REQUIREMENT
Print the lines that run from the line with "Men Arrow Wood Sign" to the line with "ProTermo Kaminofen Panonia", keeping both end lines, exactly as they appear in the entries below, and nothing else.

RECORDS SUPPLIED
Segment Open

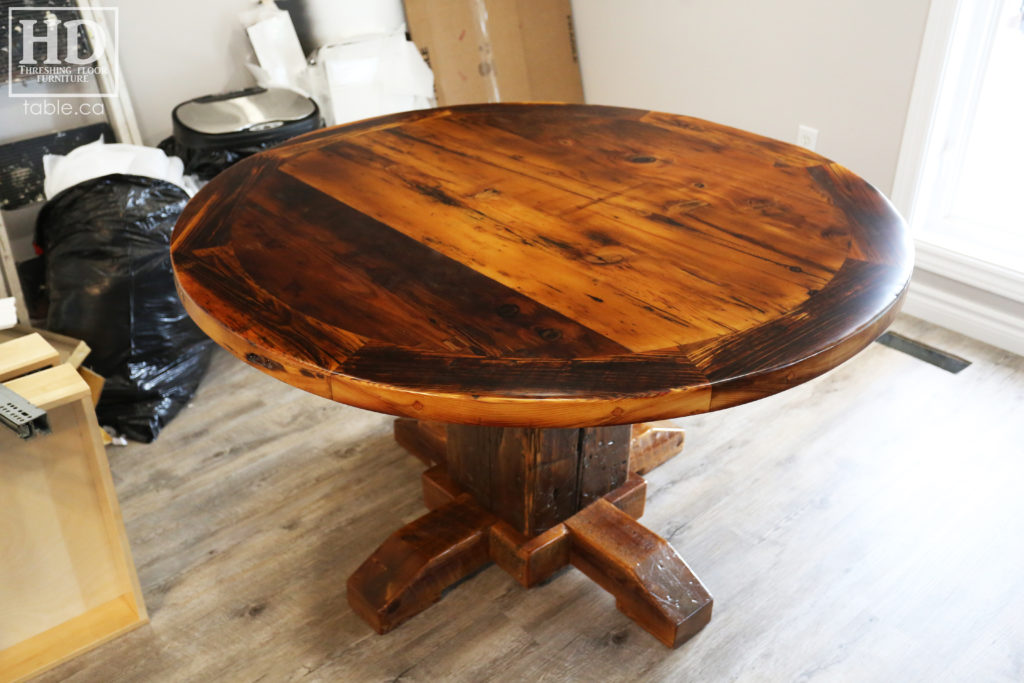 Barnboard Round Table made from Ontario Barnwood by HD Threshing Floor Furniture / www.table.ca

Segment Closed
Segment Open

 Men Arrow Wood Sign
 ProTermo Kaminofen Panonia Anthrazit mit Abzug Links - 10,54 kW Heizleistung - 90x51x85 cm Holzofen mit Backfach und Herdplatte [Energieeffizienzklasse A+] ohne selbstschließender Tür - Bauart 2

Segment Closed

EXERCISE SOLUTION
 Men Arrow Wood Sign
 ProTermo Kaminofen Panonia Anthrazit mit Abzug Links - 10,54 kW Heizleistung - 90x51x85 cm Holzofen mit Backfach und Herdplatte [Energieeffizienzklasse A+] ohne selbstschließender Tür - Bauart 2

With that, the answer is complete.